Pay-to-Play Spotlight
Increasingly, states and localities are implementing "pay-to-play" laws that limit the ability of government contractors to make campaign contributions to state and local candidates and officeholders. Depending on the jurisdiction, these prohibitions can extend years before and years after the actual contracting period. Further, the application of such laws can extend beyond the contractor itself to its officers, employees, parent and subsidiaries.
As a result of such pay-to-play laws, contracting or attempting to contract with states and localities involves ensuring that political contributions do not render a contractor unable to bid on a contract or cause the contractor to lose a contract that it already has won. The following discussion of local pay-to-play ordinances in New Jersey commences a new feature in Election Law News: the "Pay-to-Play Spotlight." Each issue, we will focus on a different pay-to-play situation from around the country.
In New Jersey, it is imperative that businesses holding or seeking contracts at the local level consult not only applicable state pay-to-play laws, but also the locality's own pay-to-play ordinances. These laws are often stricter and vary in their scope and application from jurisdiction to jurisdiction.
Within the past two years, New Jersey has instituted pay-to-play prohibitions for business entities having or seeking contracts in excess of $17,500 with the state, a New Jersey county, or a New Jersey municipality.
On the county level, New Jersey state law prohibits contractors with county contracts in excess of $17,500 from making contributions to an elected county official or to his or her county party. Similarly, on the municipal level, New Jersey state law prohibits contributions from contractors with municipal contracts in excess of $17,500 to elected municipal officials and their municipal party committees. Under state law, the county and municipal prohibitions only extend to those contracts that were not procured under a "fair and open" process.
New Jersey counties and municipalities, though, are permitted to have their own, often more stringent, pay-to-play provisions. The New Jersey Secretary of State's office has collected links to various county and municipality provisions, available at http://www.state.nj.us/state/secretary/ordinance.html.

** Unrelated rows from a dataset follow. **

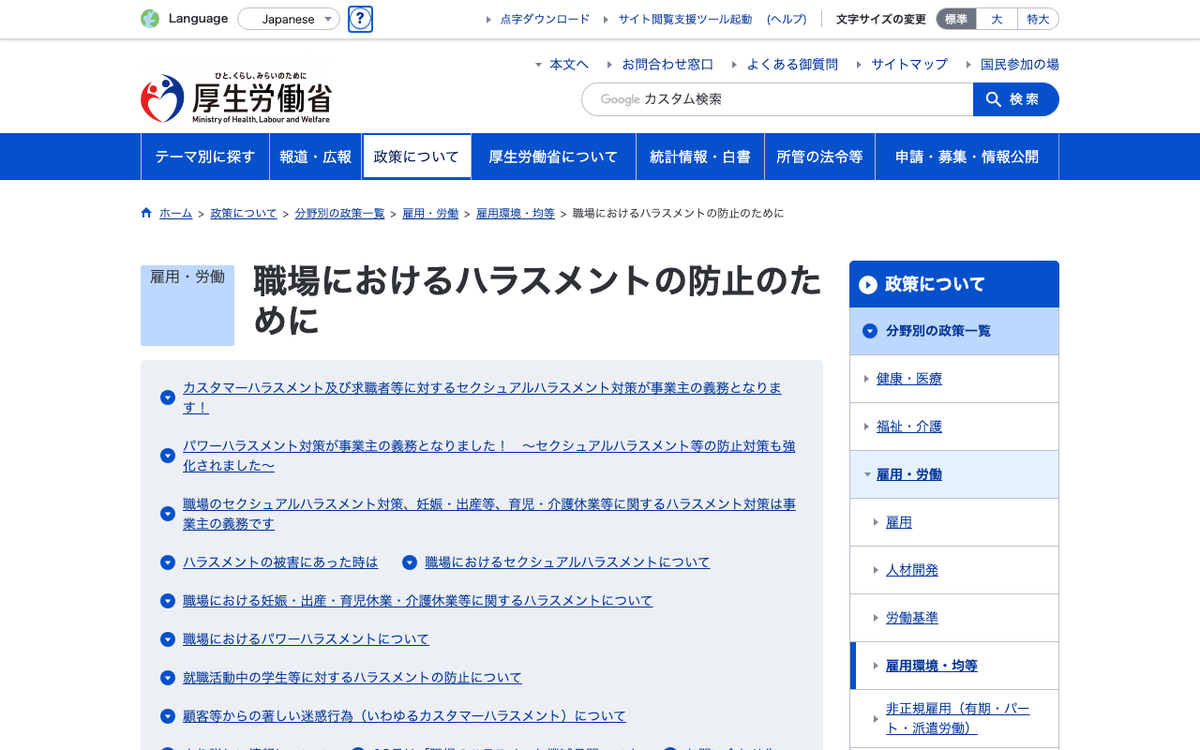 厚生労働省 職場におけるハラスメントの防止のためにページ。カスハラ・セクハラ・パワハラ防止措置の公式案内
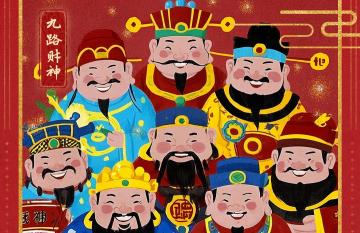 大年初五！《踏风行》给各位道友拜年啦！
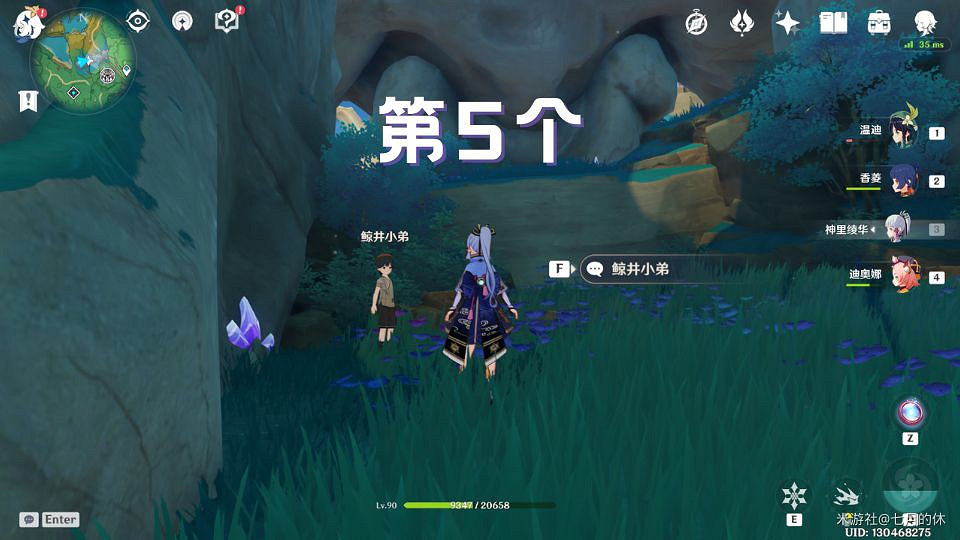 《原神》世界任務手鞠遊戲6個珍貴寶箱地點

In Monmouth County, New Jersey, for example, the County Board of Chosen Freeholders recently implemented much broader and more far-reaching pay-to-play prohibitions that those the state imposes. First, unlike state law, the prohibitions extend to all contracts, even those that were procured under a "fair and open" process. Second, the Monmouth County prohibitions cover not only those contributions prohibited under state law, but also contributions made to municipal party committees in the county, as well as to any committee, PAC or 527 organization that has supported a Monmouth County municipal or county candidate in the past year. Third, certain individuals who work for the contractor are limited to contributing $300 per calendar year to each covered candidate, committee, PAC or 527 organization. Finally, all covered individuals are prohibited from contributing more than $2,500 in the aggregate to all covered candidates, committees, PACs or 527 organization.
These strict local rules, therefore, are traps for the unwary. As with state law, violations can result in the loss of government contracts and bans on future government business. These local laws also have the unfortunate tendency to be loosely drafted and to use vague terminology. Nonetheless, they are becoming part of the government contract landscape in New Jersey and around the country.